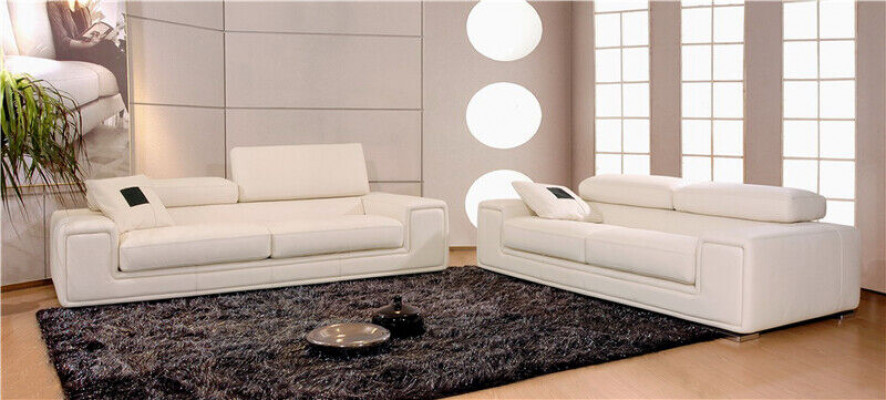 Design Couchen Sofas Polster Sitzer Sofagarnitur Garnituren Set Leder Sofa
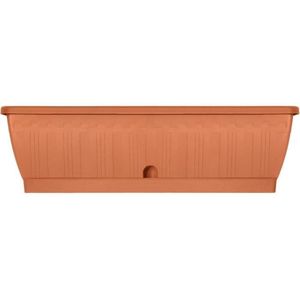 Jardiniere - GARDEN ID Terraflor - Terra 60 cm - Duurzaamheid - Waterreserve - Gerecycled en 100% recycleerbaar - Volume voor planten.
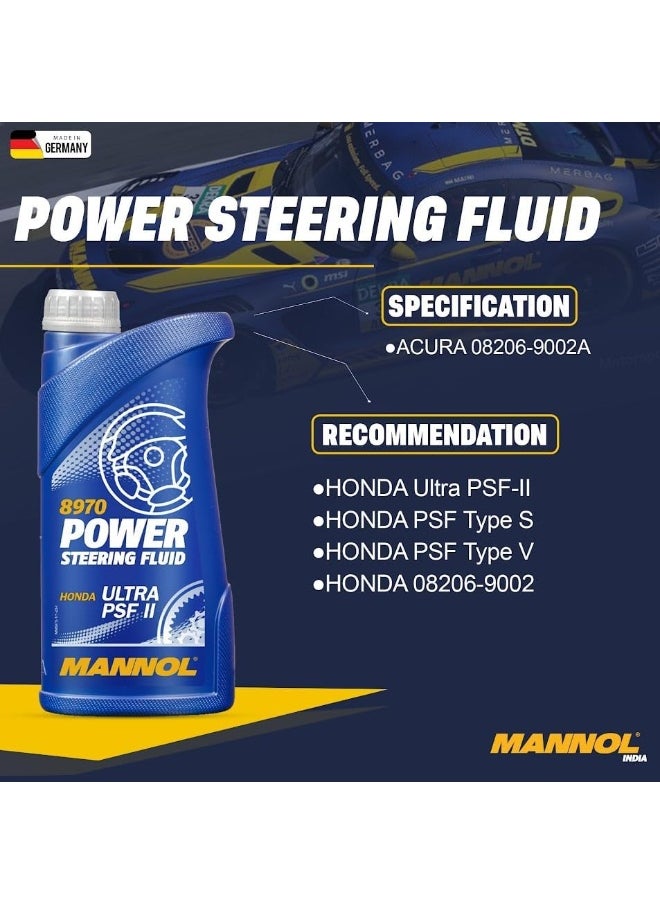MANNOL MANNOL 8970 Power Steering Fluid Ultra PSF II Imported from Germany 1 Litre  - Image 4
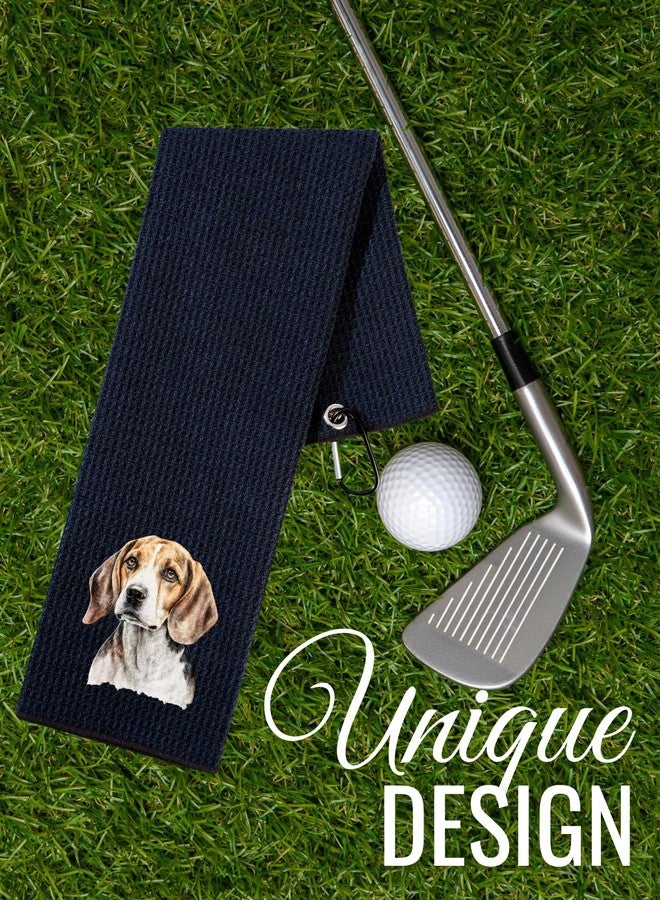 CybGene Beagle Gifts Golf Towel, Gifts for Beagle Lovers, 15.7“x23.6” Microfiber Golf Towel for Golf Bags for Birthday, Christmas - Image 2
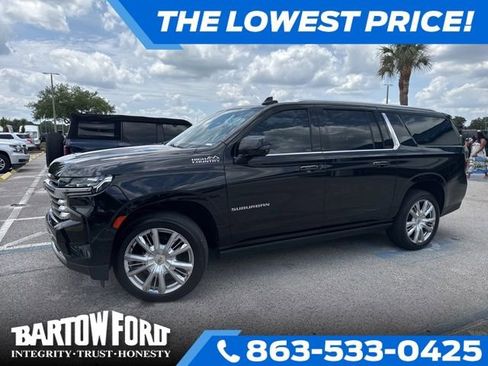 Used 2021 Chevrolet Suburban High Country w/ Premium Package RWD image 1
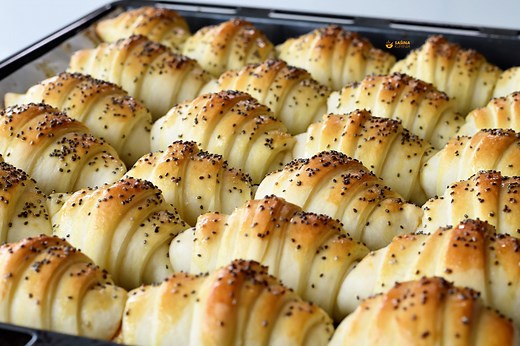 Najmekše kiflice na svijetu recept | Sašina kuhinja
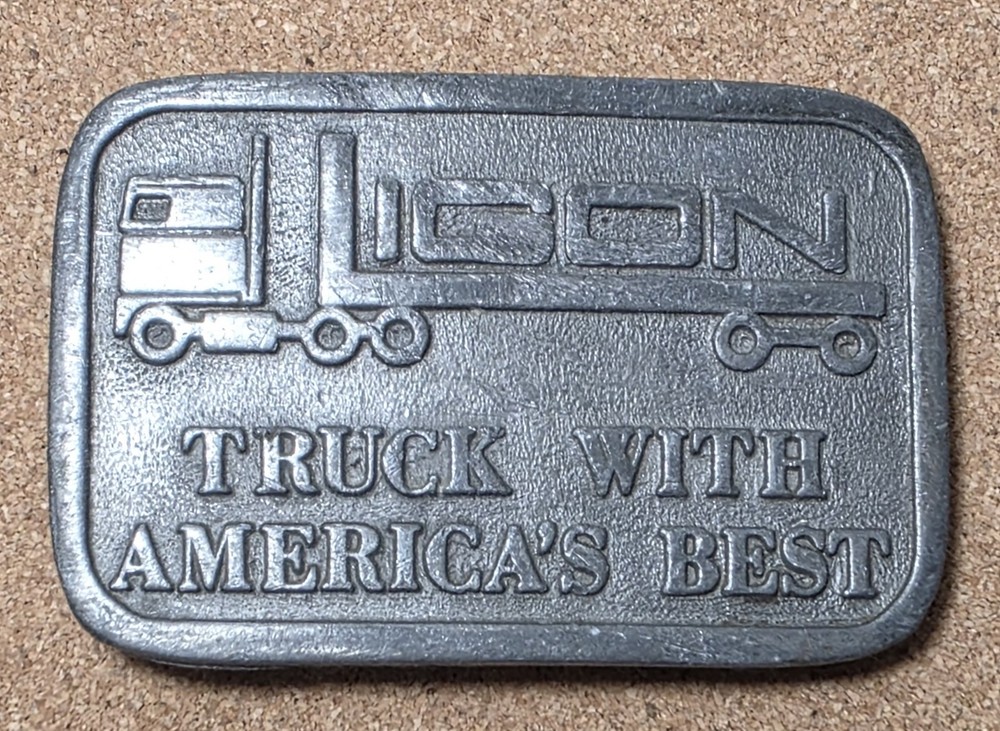 Truck With America&rsquo;s Best 1970&rsquo;s Hit Line USA Silver Tone 2&Prime; X 3&Prime; Belt Buckle
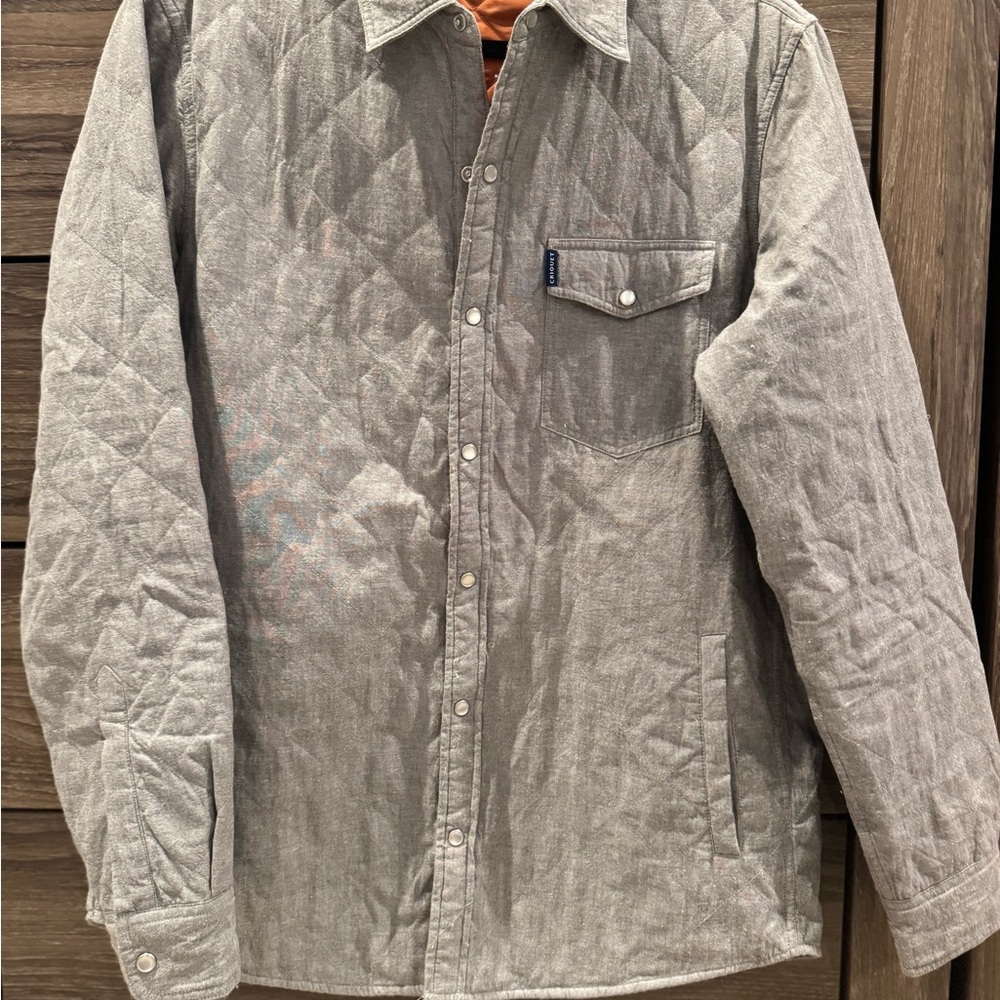Criquet Gray Quilted Shirt Jacket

------

WHAT YOU NEED TO DO → A word-for-word reprint of the listing above is needed, minus the pictures.

EXERCISE RESULT →
 Design Couchen Sofas Polster Sitzer Sofagarnitur Garnituren Set Leder Sofa
 Jardiniere - GARDEN ID Terraflor - Terra 60 cm - Duurzaamheid - Waterreserve - Gerecycled en 100% recycleerbaar - Volume voor planten.
MANNOL MANNOL 8970 Power Steering Fluid Ultra PSF II Imported from Germany 1 Litre  - Image 4
 CybGene Beagle Gifts Golf Towel, Gifts for Beagle Lovers, 15.7“x23.6” Microfiber Golf Towel for Golf Bags for Birthday, Christmas - Image 2
 Used 2021 Chevrolet Suburban High Country w/ Premium Package RWD image 1
 Najmekše kiflice na svijetu recept | Sašina kuhinja
 Truck With America&rsquo;s Best 1970&rsquo;s Hit Line USA Silver Tone 2&Prime; X 3&Prime; Belt Buckle
Criquet Gray Quilted Shirt Jacket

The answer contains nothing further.